Wednesday, October 15, 2008
The concept of anything having some innate or attached value is one that we tend to apply differently to different things around us. In reality, nothing has any innate value; it only has attached to it the value of what we or others are willing to pay at any point in time. We seem OK with the fact that certain objects that we possess have a value and then depreciate over time, perhaps as they are used. Cars come to mind immediately. There used to be an old axiom that a car lost 40% of its value the minute that you drove it off the dealer lot. That isn’t as true any more, but it is still true that cars depreciate over time; unless you hold on to them for a long time and they become antiques or rare, at which time they can actually start to go back up in value. Why? Because now others are willing to pay more for something that is rare.
Underlying the value of houses is the value of the land that they are built upon. As I stated a few days ago in the posting about the $1.75 house in Saginaw, the land value of that property has to be worth more than that. The house itself is considered to be an appurtenance or improvement to the raw land. It is trying to put a current value on that improvement that is so tough these days. We have become accustomed to steady, sometimes dramatic, appreciation in properties and have come to believe that houses always appreciate (unless of course they are turned into dumps by the owners). We were told that over and over by the government and the mortgage industry as part of their campaigns to encourage home ownership. In reality there never was and never will be any guarantee that “values” will always go up. We’ve certainly seen that lately, with declines in this area of 20-30% over the last 2-3 years.
How can that be, you may ask? Well it’s simple. There are fewer people out looking; and they have less money to spend. There are lots of foreclosed houses competing for their attention and those foreclosed houses are the ones that are setting the market price for whole neighborhoods and house types. The market says that the 1970’s built, 1,500 Sq Ft, 3 bedroom, 1 and a half bath Tri-level that you paid $215,000 for in 2003 is now only worth $165,000, because that’s all that people out looking today will pay. That’s its new “value.” It’s no different than owning an once of 24 carat gold. Today that ounce may be worth $850, but next year it may only be worth $500. Has the once of gold changed? No. Want has changed is want people are willing to pay for it. It has no innate value, nor does your house.
Unlike the stock market, which has gyrated wildly lately and is now down over 30%, home values are not likely to rapidly recover the lost value from this downturn. The home market is undergoing a fundamental “reset” of home values. One reason is that many marginal homeowners – those who should never have been given a mortgage in the first place – have been forced out of the market and will not find it easy to return.
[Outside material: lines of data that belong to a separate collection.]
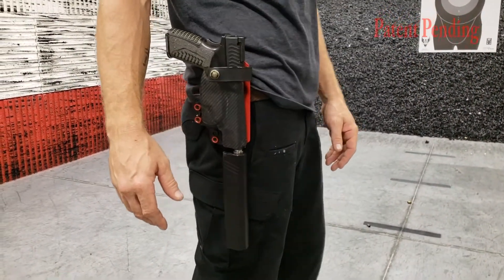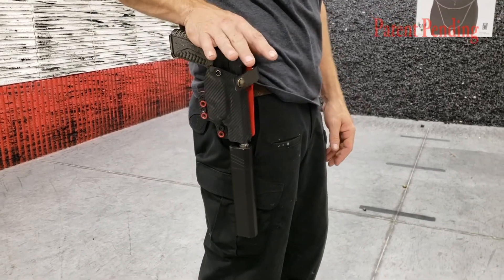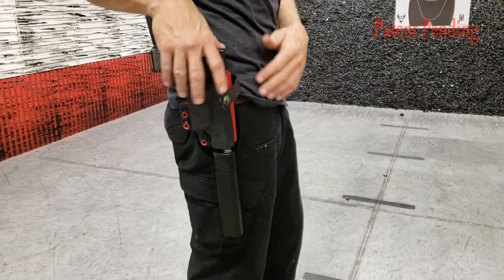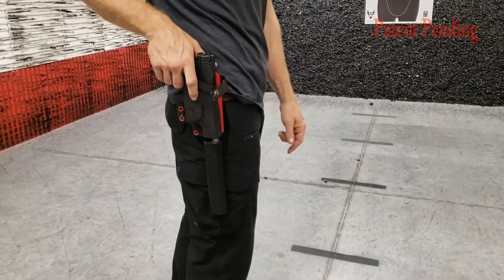What's up guys, I've been waiting a long time to be able to show you this. This is called the Suppressor Carry System, available from Burley Man Tactical. It's been a long time coming developing this — this is the only holster on the market that will accommodate a suppressor on a pistol.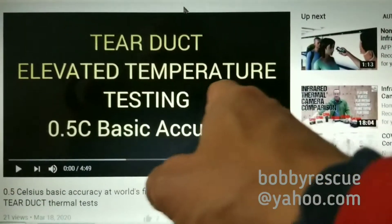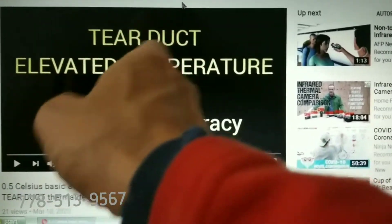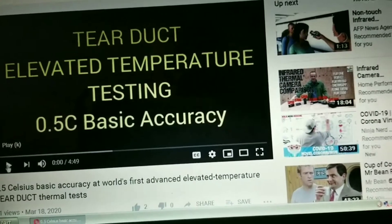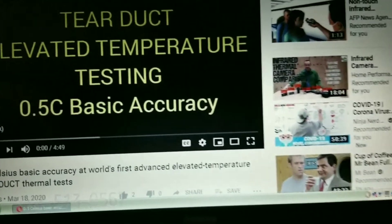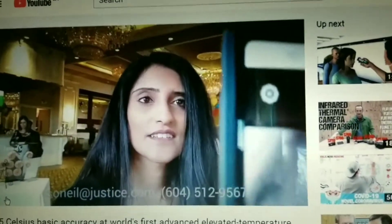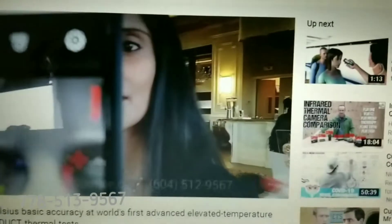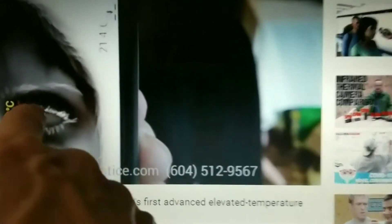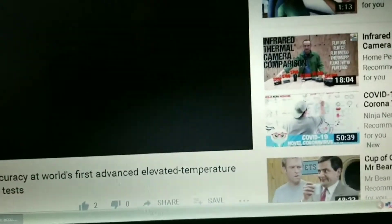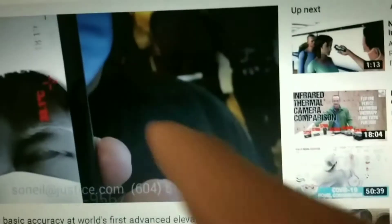We've discovered that tear duct temperature testing — we have a device that does elevated tear duct temperature testing. You can watch this on YouTube. We found that different people have different temperatures. First, you have to take their glasses off or it doesn't read correctly. Second, some people just have a naturally lower temperature than what you'll find in systems that average the face. We have pinpoint accuracy — actually pinpointing on a pixel basis. This fellow here has an abnormally low temperature.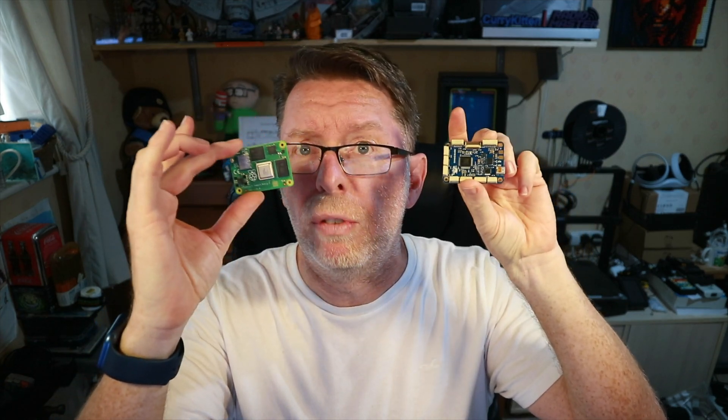It comes in a slightly plain box, but inside you'll find an Oaken 2. To use it usefully you will need a Raspberry Pi Compute Module 4, which I've got here. It also comes with a USB-C connector which you can put on a lead to update it, and a whole bunch of cables.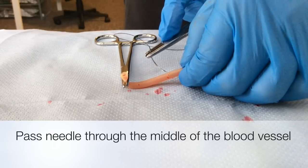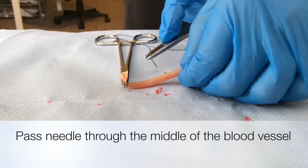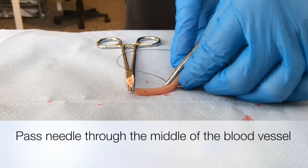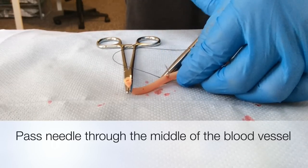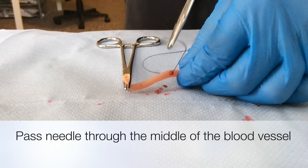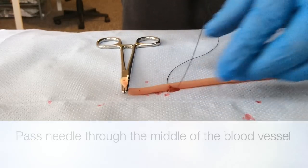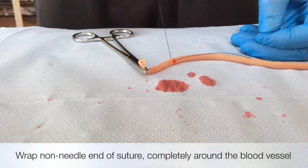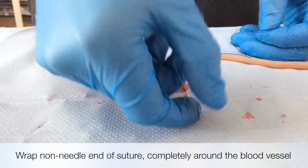Acquire some suturing material with a curved needle and pass this through the middle of the blood vessel. Then grasp the non-needle end of the suture thread and wrap it once completely around the blood vessel.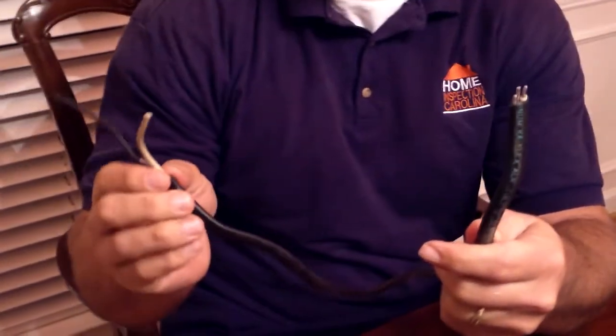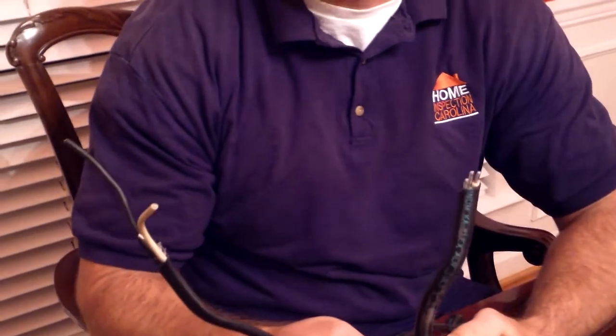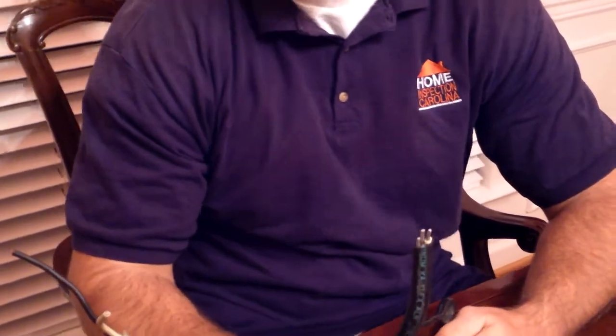These single strand aluminum wires, like you see here, were used between 1965 and 1973 in residential building. And they were used for the 110, 120 outlets.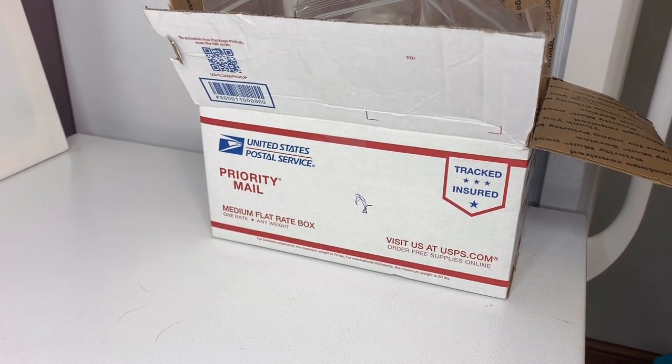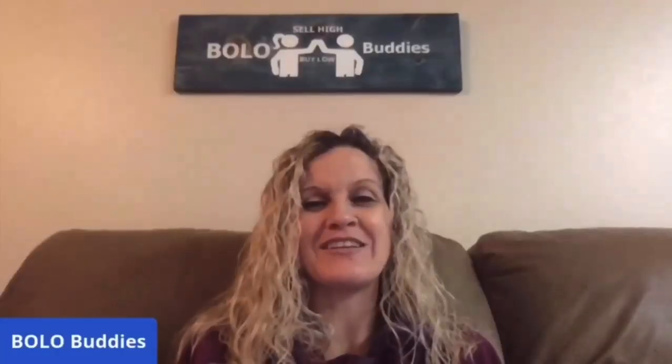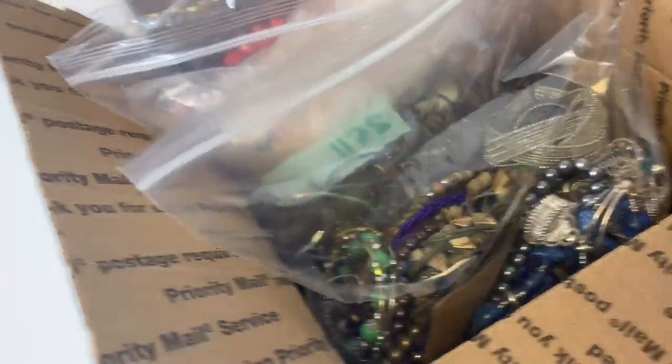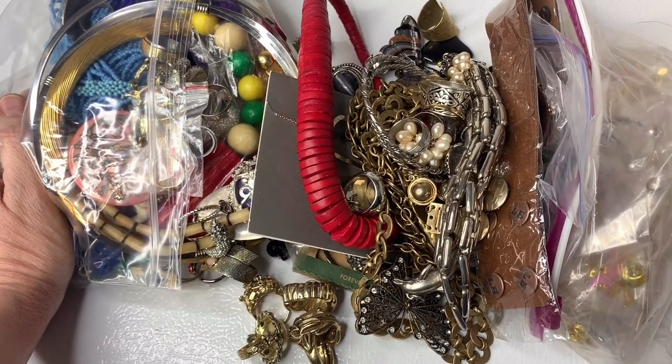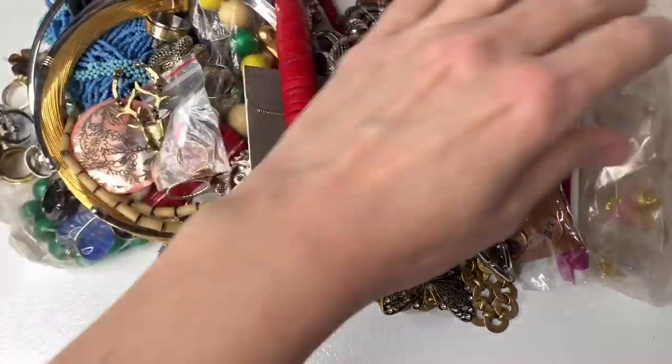We are going into medium flat rate box two of my bulk buy. Hey bullet buddies, thanks for watching — full time reseller. I have separated it into items I'm going to sell individually, crafters items, and items that I'm going to lot and sell as a lot. Let's start with the stuff I'm going to sell separately — that's usually the most fun. As I go through this I may end up tossing some stuff into small lots or a big bag to sell in bulk.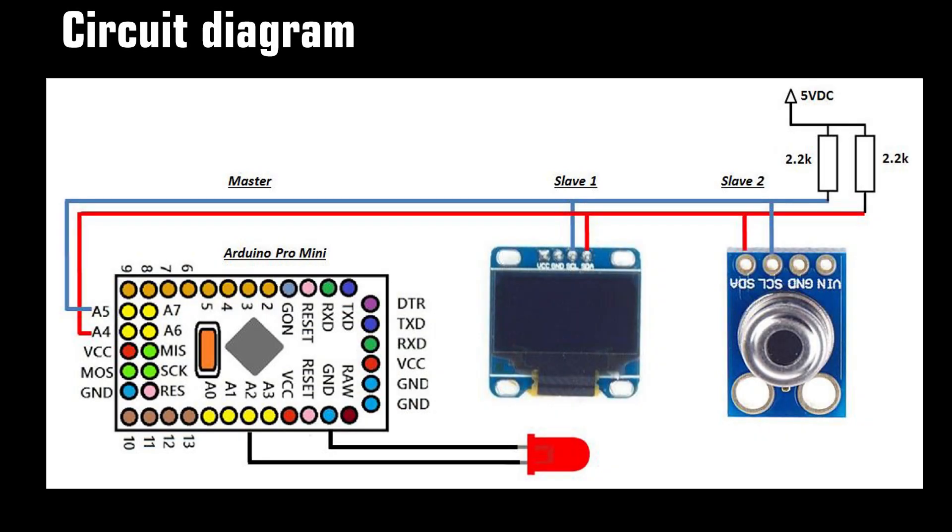Three of them are connected by I2C network. Arduino is master, while the two others are slave.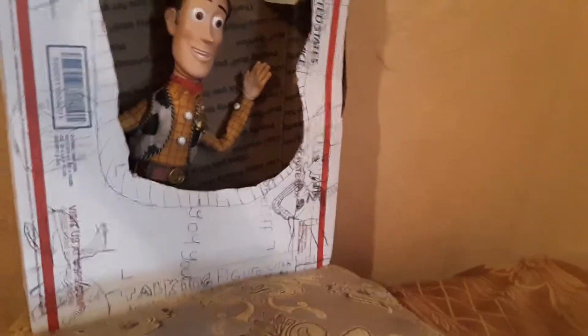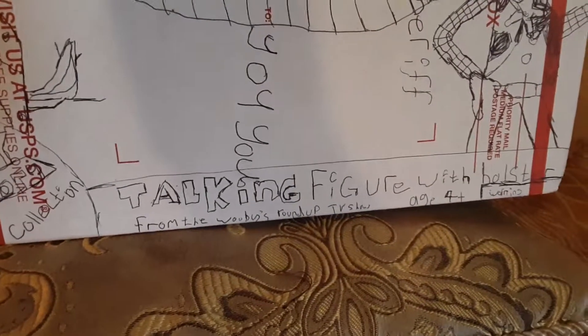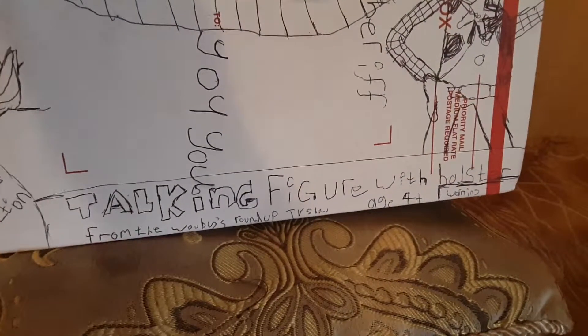So here it is. I put the wires so his hands and his legs can stay down. And here's Woody — right there and right here. This is his Toy Story Collection talking figure with holster from the Woody's Roundup TV show.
Home builders overbuilt the market when it was easy for almost anyone to qualify for a mortgage; so, now we have an oversupply of homes, especially in the $200-300,000 price range, that will take some time to sell off. Unfortunately, those are the “move up” homes for the middle class that is currently being racked by fear, uncertainty and doubt about the economy and jobs; so they have just been sitting on the market. Only when things settle down in the economy overall will we have the chance to get back to a “normal” supply and demand driven home market. That may to take years.
So, when I show up and tell you that your house is now worth $175,000 in this market, I’m not asking you to give it away; I’m just helping you understand its current market value. If you don’t want to (or can’t afford to) sell it for that price, then don’t sell now. Wait until the market comes back and it appreciates back to a level where you can sell it. That may be 5-10 years down the road, given the level that we have fallen to with home values. In the mean time, I’m out there with buyers looking at homes. If your home is priced right and on the market, we’ll look. If not; oh well. At least you can sit there and content yourself that you‘re not giving it away. And you can tell yourself that the shag carpet in the living room is probably good for another 15 years, too.
Tuesday, October 14, 2008
By focusing on sales above $40,000 we have filtered out a significant share of the investor and rental transactions, leaving the vast majority of owner occupied sales to set a trend. The Western Wayne county numbers do not include the City of Detroit. Because most of the current sales in the city are under $40,000, we were not able to create an accurate investor filter for that market.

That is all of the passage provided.